The Lord of the Rings trilogy before the acclaim

Before delving into the aforementioned concerns of the piece, it is important to first outline the trajectory of The Lord of the Rings in cinema culture — from its inception, up until Jackson’s adaptation. In the years before Jackson’s The Lord of the Rings adaptation came to fruition, there had been an animation adaptation in 1978 by Ralph Bakshi, which opened to a fair reception, and the Beatles had apparently wanted to star in a live-action adaptation of the books, with Stanley Kubrick said to have been their choice to direct. Kubrick allegedly turned down the offer to direct the planned film after saying that it was unfilmable (at least in terms of the technology not being there yet). As J.R.R Tolkien owned the rights to his work, he also turned the proposed Beatles film down as he didn’t want his work to be taken by the band and turned into something outlandish for the big screen.

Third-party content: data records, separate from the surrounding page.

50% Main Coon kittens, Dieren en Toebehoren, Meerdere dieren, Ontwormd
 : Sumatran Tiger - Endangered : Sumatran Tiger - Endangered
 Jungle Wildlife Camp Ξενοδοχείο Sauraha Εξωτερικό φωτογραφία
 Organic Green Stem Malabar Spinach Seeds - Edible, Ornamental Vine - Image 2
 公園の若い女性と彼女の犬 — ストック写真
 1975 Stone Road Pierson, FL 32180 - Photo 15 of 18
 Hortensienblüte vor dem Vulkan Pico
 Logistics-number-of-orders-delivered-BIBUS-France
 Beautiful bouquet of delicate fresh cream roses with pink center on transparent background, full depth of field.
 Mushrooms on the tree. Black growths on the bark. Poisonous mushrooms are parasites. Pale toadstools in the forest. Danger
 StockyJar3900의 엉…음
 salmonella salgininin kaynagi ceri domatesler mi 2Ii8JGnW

It wasn’t until sometime in the mid-90s that the idea of a Jackson-led The Lord of the Rings adaptation began to circulate in the media. With Jackson’s earlier films like Bad Taste (1987) and Braindead (1992) being the epitome of schlock horror — films characterised by their absurd plots, quirky characters, campy humour, and so forth — it was no surprise that doubts were raised over the announcement that Jackson was to adapt the work of beloved and trailblazing author, J.R.R Tolkien.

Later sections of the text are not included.